I meet this gentelman on a website "facebook" i started talking to him getting to know each other month of november 2011, it feels good sharing my problem to him, until he started helping me, he have a good heart so wonderful and amazing, has flaws... i never thought that i was gonna be so in love with him . didn't think it was simple possible.
It was so hurt and one day i will finally let go, im going to cry yes..a lot. I wish he would tell me to shut up and kiss me coz all i want is to spend my life next to a man like him.
What i feel is real aint imagining, i feel in love WAY TOO IN LOVE its evolving, passionate love...But sometimes love isn't enough. I feel like i have fallen in love being too young, too little, too innocent. I give him my heart completly done all that i can, said what i feel. Im falling hard , laying in his arms, seing the way he look at me, hearing things he said to me..i can't help it.
Month of January i turned into a relationship with him every day we talk we sleep at the same time and waking up at same time tru yahoo messgenger and cam. Feb. the day we cant wait to come the day that he will get here in phillipines to see me, it was midnight, the best first night ever feels so good beautiful that obviously we are so in love to each other...
But the saddest and painful parts of relationship also comes, we have an arguiments, missunderstanding, we fights every lil thing's and i admit mostly is my faults, me of being jealousy and insecure the number one reason. Saddly he get tired and leave, he give up on me.
I have no choice but to accept his dicission to leave me, he wants me to let him go..yes i do tried to get him back, but i cant anymore...i can't won his heart anymore..i feel of giving up, but my heart don't want to let go yet..maybe one day. Im just hoping that he carry a lil part of me too now that we end up.

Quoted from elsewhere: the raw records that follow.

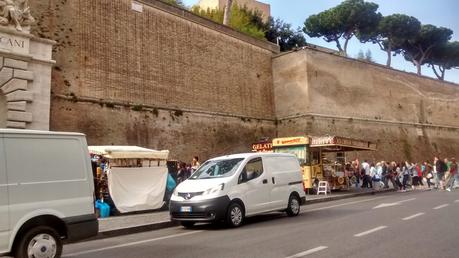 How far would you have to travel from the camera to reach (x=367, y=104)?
38.0 meters

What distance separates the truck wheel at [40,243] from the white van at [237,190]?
4.37m

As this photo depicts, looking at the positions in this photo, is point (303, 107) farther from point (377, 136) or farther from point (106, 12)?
point (106, 12)

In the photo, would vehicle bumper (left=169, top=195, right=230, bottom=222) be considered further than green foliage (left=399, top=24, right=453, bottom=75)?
No

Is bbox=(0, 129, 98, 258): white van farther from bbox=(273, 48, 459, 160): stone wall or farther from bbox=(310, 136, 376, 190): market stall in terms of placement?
bbox=(273, 48, 459, 160): stone wall

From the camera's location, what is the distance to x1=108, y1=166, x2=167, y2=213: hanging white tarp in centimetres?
1486

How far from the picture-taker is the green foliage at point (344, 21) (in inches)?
2140

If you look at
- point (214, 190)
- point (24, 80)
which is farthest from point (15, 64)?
point (214, 190)

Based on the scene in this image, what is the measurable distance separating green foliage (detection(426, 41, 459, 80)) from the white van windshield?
5494 cm

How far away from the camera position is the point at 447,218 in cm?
1161

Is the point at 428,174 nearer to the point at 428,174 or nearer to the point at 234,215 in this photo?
the point at 428,174

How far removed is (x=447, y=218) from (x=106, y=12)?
1718 centimetres

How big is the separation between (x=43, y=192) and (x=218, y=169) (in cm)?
589

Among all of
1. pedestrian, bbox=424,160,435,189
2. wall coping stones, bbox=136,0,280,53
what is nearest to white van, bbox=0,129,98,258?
wall coping stones, bbox=136,0,280,53

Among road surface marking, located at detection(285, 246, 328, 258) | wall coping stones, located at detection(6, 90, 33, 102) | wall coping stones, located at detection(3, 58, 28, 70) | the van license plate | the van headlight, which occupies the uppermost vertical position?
wall coping stones, located at detection(3, 58, 28, 70) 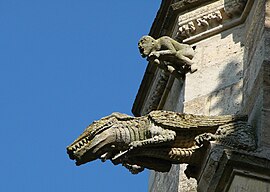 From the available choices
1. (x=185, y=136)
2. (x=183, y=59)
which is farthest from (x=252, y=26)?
(x=185, y=136)

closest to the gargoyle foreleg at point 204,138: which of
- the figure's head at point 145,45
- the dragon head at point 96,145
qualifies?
the dragon head at point 96,145

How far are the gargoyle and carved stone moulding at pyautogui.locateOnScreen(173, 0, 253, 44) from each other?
0.19 m

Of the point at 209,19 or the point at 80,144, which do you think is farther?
the point at 209,19

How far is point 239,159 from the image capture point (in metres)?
6.36

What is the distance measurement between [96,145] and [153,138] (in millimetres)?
357

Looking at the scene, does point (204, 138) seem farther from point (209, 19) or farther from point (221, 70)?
point (209, 19)

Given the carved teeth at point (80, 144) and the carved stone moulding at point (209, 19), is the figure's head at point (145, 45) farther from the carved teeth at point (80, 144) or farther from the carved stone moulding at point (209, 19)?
the carved teeth at point (80, 144)

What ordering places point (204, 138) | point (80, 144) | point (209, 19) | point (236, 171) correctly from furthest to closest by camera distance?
point (209, 19), point (80, 144), point (204, 138), point (236, 171)

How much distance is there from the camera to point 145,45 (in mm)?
8672

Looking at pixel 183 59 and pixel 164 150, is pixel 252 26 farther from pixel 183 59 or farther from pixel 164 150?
pixel 164 150

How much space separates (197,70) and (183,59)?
0.51 feet

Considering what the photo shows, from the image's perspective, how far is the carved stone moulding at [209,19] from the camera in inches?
338

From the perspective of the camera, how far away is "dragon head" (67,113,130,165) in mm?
6770

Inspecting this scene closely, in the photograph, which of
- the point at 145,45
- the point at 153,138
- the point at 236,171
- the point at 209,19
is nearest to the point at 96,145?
the point at 153,138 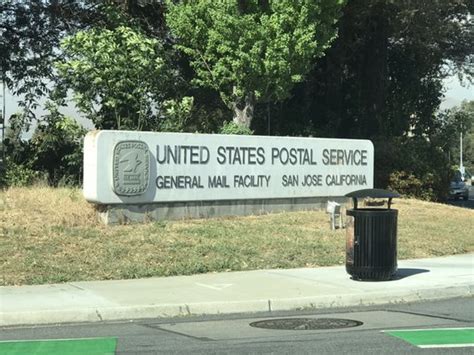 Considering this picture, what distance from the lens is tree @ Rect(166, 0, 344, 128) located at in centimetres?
1916

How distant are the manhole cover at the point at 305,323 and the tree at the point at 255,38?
1148 cm

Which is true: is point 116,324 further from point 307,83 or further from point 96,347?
point 307,83

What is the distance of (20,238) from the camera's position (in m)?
12.4

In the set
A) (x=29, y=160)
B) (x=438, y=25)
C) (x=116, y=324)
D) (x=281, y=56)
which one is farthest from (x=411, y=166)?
(x=116, y=324)

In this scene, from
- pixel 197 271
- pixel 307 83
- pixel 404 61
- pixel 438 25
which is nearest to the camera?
pixel 197 271

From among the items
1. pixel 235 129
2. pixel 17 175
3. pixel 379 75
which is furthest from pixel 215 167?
pixel 379 75

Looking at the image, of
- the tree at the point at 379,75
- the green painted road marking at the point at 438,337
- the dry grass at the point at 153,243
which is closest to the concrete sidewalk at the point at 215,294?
the dry grass at the point at 153,243

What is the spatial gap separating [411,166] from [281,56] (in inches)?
327

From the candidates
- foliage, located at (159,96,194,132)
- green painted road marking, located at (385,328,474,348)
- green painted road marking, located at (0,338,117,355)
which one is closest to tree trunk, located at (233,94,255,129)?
foliage, located at (159,96,194,132)

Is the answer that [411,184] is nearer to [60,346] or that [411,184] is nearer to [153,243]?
[153,243]

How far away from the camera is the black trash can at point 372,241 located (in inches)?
429

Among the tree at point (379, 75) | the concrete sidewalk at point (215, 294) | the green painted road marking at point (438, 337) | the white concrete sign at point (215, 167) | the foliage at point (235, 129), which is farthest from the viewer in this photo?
the tree at point (379, 75)

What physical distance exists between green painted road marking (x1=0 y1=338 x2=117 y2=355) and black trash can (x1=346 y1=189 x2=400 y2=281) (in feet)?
15.7

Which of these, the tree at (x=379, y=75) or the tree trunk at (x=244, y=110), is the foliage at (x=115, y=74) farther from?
the tree at (x=379, y=75) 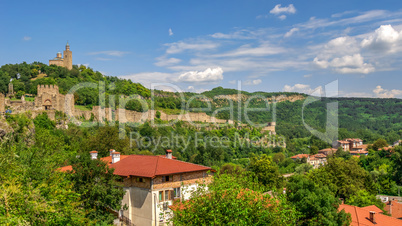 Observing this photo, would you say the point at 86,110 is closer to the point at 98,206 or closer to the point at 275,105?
the point at 98,206

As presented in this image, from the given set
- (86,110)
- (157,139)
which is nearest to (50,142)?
(86,110)

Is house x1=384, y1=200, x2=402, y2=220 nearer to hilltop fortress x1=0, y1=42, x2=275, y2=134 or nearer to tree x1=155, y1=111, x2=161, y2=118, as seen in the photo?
hilltop fortress x1=0, y1=42, x2=275, y2=134

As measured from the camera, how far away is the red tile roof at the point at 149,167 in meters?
18.2

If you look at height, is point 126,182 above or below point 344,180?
above

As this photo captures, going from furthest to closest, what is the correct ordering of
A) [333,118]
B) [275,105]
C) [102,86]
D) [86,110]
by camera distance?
[275,105] → [333,118] → [102,86] → [86,110]

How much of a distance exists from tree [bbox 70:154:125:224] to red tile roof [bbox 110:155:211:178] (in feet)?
7.60

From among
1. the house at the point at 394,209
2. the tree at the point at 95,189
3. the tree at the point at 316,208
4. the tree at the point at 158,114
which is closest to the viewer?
the tree at the point at 95,189

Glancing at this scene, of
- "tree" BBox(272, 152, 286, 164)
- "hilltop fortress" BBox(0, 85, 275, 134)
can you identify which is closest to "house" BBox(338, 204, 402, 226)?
"hilltop fortress" BBox(0, 85, 275, 134)

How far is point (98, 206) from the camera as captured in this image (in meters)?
15.7

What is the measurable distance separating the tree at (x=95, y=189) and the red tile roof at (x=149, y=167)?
2317 millimetres

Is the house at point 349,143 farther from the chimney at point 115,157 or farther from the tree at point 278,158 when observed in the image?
the chimney at point 115,157

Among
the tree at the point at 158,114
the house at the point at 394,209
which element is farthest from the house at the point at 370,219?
the tree at the point at 158,114

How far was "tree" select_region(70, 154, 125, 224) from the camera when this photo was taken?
1525 cm

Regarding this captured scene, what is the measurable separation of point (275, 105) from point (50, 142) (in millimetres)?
139109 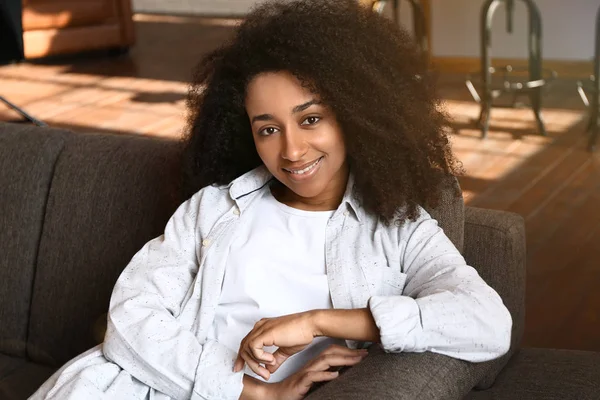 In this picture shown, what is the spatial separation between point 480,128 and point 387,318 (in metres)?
1.93

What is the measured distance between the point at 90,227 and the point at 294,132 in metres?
0.60

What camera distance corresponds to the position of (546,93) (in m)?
2.78

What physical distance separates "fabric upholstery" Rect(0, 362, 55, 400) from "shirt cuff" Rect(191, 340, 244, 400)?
529 millimetres

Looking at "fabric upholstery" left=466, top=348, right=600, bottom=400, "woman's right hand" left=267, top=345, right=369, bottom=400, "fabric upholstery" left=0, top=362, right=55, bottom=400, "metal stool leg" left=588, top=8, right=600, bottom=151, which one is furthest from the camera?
"metal stool leg" left=588, top=8, right=600, bottom=151

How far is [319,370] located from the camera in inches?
53.7

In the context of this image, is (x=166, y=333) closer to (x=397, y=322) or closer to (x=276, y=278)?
(x=276, y=278)

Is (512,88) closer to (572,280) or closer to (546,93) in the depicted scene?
(546,93)

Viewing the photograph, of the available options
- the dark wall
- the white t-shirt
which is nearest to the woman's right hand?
the white t-shirt

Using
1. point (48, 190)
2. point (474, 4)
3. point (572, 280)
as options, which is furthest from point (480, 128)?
point (48, 190)

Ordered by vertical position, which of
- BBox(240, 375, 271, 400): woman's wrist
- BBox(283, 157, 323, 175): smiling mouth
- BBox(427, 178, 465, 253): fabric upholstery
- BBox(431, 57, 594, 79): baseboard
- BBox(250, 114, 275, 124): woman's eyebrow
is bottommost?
BBox(240, 375, 271, 400): woman's wrist

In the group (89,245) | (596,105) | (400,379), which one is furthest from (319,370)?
(596,105)

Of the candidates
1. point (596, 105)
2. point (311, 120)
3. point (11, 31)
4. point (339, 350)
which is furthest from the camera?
point (11, 31)

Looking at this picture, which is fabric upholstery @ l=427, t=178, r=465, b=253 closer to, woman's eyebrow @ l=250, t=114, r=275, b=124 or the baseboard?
woman's eyebrow @ l=250, t=114, r=275, b=124

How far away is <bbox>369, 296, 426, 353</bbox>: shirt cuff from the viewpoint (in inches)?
50.6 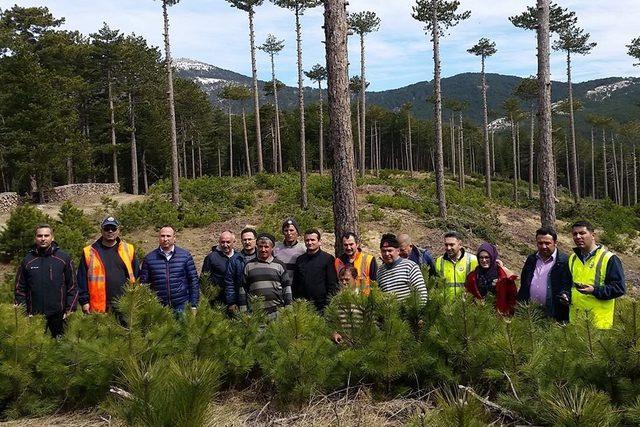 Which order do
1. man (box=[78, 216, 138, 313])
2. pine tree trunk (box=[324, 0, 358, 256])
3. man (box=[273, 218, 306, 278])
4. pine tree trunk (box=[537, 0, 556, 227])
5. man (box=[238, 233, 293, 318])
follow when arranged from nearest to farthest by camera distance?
man (box=[238, 233, 293, 318])
man (box=[78, 216, 138, 313])
man (box=[273, 218, 306, 278])
pine tree trunk (box=[324, 0, 358, 256])
pine tree trunk (box=[537, 0, 556, 227])

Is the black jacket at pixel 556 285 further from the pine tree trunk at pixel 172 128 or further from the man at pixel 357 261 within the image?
the pine tree trunk at pixel 172 128

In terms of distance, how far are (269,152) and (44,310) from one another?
51.6 meters

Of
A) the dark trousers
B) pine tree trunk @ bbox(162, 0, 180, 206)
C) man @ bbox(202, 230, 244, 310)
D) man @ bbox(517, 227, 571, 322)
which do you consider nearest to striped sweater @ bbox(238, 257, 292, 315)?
man @ bbox(202, 230, 244, 310)

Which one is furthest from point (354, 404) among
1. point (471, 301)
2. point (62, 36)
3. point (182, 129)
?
point (182, 129)

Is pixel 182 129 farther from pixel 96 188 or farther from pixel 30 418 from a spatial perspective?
pixel 30 418

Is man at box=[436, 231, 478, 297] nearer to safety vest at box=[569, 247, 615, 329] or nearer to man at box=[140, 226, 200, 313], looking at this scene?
safety vest at box=[569, 247, 615, 329]

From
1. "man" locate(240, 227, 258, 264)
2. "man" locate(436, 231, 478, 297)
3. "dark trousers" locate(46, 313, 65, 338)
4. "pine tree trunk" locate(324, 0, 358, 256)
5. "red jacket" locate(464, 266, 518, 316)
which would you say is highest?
"pine tree trunk" locate(324, 0, 358, 256)

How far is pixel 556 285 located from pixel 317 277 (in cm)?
239

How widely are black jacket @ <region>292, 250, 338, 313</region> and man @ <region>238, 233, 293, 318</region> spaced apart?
29 cm

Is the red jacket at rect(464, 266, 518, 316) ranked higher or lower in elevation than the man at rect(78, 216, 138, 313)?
lower

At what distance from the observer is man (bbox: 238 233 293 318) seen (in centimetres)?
468

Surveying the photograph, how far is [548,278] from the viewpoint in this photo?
15.0ft

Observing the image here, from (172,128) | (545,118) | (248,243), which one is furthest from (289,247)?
(172,128)

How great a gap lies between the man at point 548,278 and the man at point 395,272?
3.83 feet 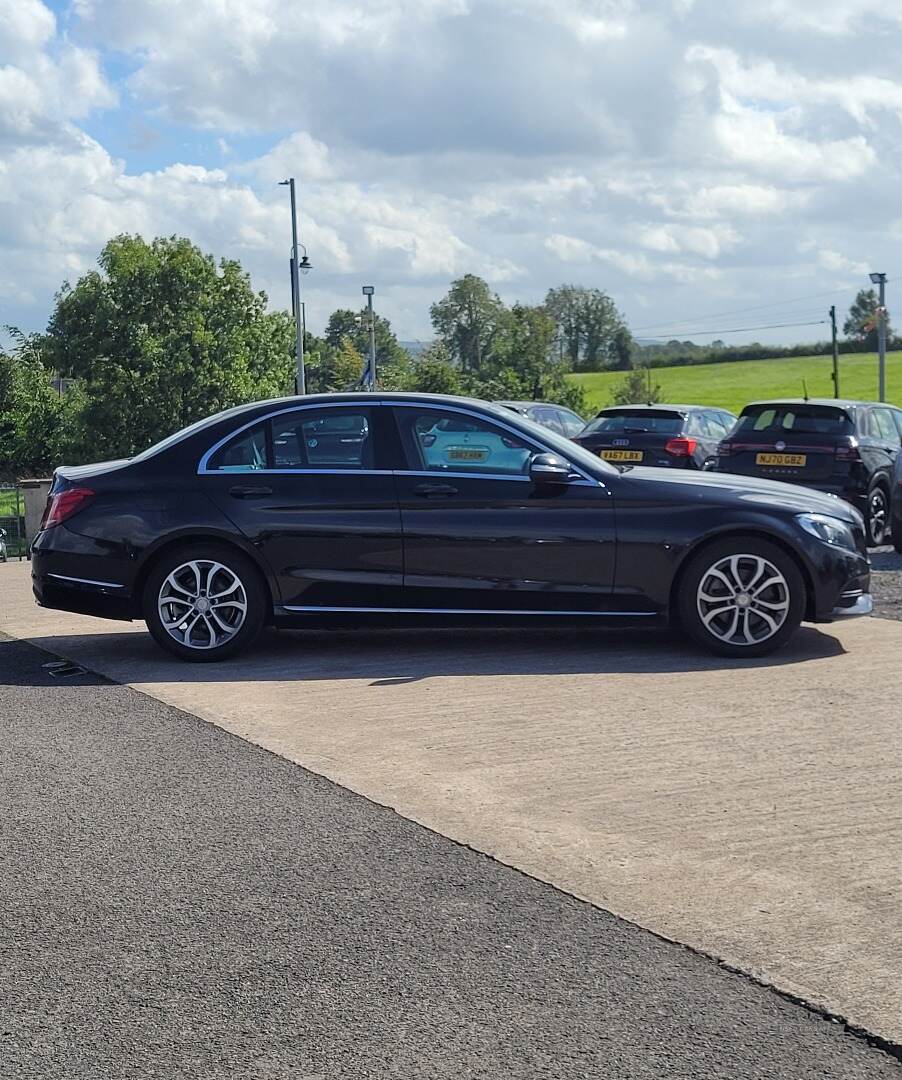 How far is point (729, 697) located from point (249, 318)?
69240 millimetres

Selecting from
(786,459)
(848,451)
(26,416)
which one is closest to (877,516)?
(848,451)

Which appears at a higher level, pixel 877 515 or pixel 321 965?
pixel 877 515

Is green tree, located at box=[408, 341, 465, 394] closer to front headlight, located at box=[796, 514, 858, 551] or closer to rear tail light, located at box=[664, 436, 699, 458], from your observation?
rear tail light, located at box=[664, 436, 699, 458]

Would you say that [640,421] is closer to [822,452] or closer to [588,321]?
[822,452]

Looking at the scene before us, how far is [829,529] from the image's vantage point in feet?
29.6

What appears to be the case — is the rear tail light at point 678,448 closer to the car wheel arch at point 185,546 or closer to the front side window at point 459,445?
the front side window at point 459,445

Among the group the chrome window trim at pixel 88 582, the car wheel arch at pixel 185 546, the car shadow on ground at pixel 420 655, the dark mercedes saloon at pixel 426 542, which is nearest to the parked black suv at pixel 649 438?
the car shadow on ground at pixel 420 655

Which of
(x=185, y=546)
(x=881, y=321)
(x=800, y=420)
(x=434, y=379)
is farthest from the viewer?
(x=434, y=379)

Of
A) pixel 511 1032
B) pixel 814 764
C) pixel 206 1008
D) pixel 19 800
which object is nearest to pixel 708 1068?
pixel 511 1032

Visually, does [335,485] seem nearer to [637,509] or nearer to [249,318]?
[637,509]

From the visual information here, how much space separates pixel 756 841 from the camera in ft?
17.0

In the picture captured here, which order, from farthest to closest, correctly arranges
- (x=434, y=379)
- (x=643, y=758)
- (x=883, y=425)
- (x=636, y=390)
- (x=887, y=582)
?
(x=636, y=390) → (x=434, y=379) → (x=883, y=425) → (x=887, y=582) → (x=643, y=758)

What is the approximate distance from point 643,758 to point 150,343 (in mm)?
65825

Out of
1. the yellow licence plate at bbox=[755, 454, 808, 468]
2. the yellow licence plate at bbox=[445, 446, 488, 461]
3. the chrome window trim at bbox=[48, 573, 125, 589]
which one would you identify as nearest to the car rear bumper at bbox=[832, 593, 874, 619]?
the yellow licence plate at bbox=[445, 446, 488, 461]
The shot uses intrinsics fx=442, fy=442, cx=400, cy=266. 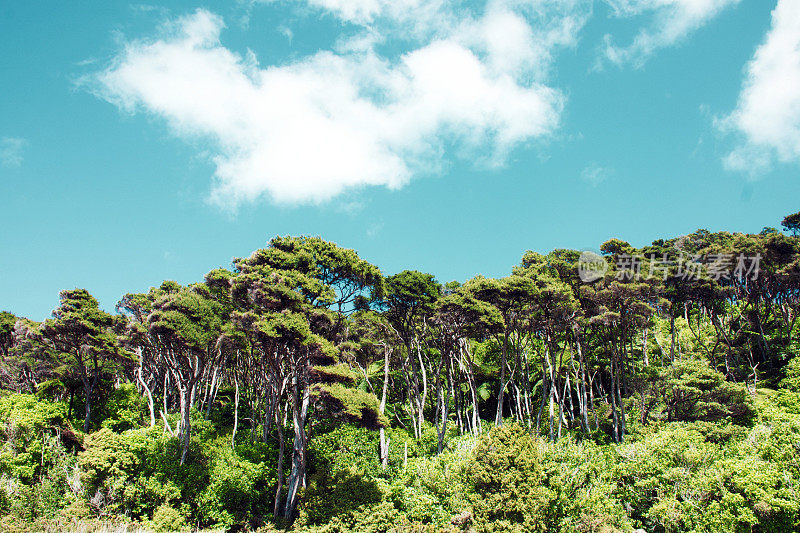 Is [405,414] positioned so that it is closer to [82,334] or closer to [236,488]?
[236,488]

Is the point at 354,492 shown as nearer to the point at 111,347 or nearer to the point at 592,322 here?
the point at 592,322

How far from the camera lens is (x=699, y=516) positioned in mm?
13625

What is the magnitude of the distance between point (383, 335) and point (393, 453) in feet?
23.9

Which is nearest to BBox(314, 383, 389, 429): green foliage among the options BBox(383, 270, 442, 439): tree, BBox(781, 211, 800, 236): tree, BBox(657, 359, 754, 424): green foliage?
BBox(383, 270, 442, 439): tree

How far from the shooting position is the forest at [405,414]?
14336 millimetres

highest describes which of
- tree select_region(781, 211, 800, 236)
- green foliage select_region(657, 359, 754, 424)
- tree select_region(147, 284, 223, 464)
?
tree select_region(781, 211, 800, 236)

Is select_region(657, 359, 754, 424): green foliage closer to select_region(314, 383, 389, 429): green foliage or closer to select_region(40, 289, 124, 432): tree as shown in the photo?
select_region(314, 383, 389, 429): green foliage

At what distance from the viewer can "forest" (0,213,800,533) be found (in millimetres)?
14336

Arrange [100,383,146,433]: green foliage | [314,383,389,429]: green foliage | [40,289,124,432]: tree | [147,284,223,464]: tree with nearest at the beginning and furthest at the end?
[314,383,389,429]: green foliage, [147,284,223,464]: tree, [40,289,124,432]: tree, [100,383,146,433]: green foliage

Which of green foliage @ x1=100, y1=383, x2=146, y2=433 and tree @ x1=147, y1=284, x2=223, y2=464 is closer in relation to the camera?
tree @ x1=147, y1=284, x2=223, y2=464

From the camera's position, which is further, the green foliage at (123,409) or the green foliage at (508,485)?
the green foliage at (123,409)

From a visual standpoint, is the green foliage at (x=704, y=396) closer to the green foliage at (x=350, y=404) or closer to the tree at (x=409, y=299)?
the tree at (x=409, y=299)

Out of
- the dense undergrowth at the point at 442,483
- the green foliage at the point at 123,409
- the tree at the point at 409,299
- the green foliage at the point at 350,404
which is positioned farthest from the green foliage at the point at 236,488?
the tree at the point at 409,299

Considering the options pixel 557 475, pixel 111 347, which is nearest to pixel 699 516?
pixel 557 475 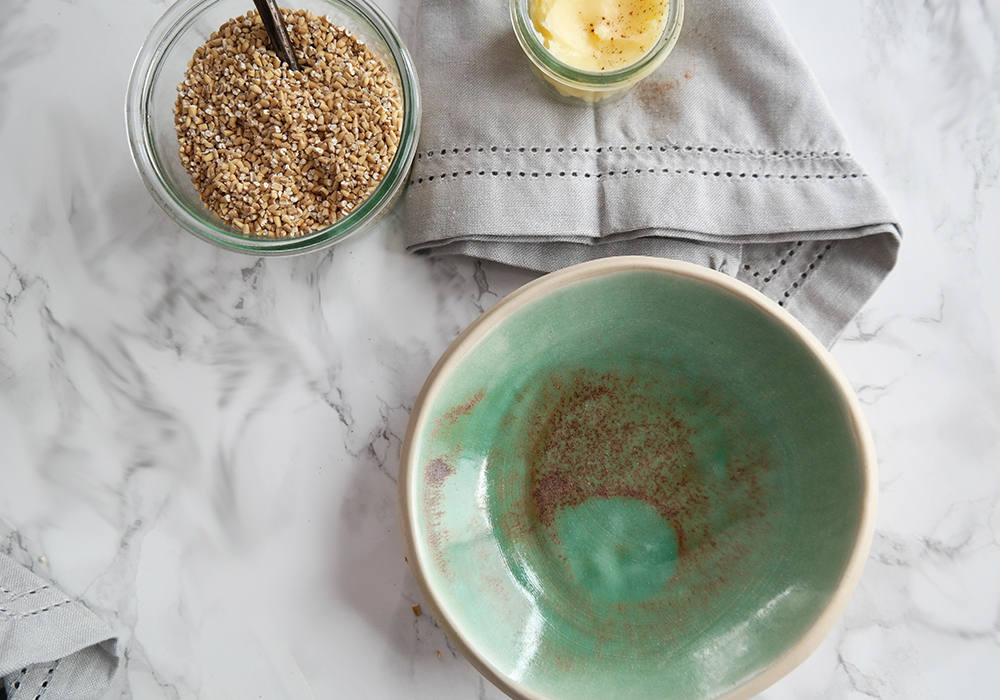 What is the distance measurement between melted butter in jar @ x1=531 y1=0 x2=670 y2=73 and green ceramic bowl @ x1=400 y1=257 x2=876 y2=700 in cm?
22

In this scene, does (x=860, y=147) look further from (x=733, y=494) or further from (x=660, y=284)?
(x=733, y=494)

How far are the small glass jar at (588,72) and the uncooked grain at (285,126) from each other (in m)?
0.15

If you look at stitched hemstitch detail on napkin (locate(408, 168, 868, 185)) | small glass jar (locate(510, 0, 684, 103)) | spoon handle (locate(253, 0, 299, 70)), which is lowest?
stitched hemstitch detail on napkin (locate(408, 168, 868, 185))

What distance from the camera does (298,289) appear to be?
948mm

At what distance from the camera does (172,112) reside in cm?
90

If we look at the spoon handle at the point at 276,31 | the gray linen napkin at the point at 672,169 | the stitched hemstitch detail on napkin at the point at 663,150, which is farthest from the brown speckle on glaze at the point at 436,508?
the spoon handle at the point at 276,31

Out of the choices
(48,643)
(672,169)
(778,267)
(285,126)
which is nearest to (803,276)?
(778,267)

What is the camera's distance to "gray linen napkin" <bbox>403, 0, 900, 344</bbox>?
89 cm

I still love him and want him back, i find myself thinking "why do we need to be reminded of this things? can't we just learn from them and be done with it? take comfort of the fact that we are all messed up.
For all the Gf's do what's best for your man, wherever they are happy or whatever makes them happy let them, don't be too selfish let them feel free coz loving someone is setting them free, letting them go. that's the only way to keep them coz love will never be enough to make them stay.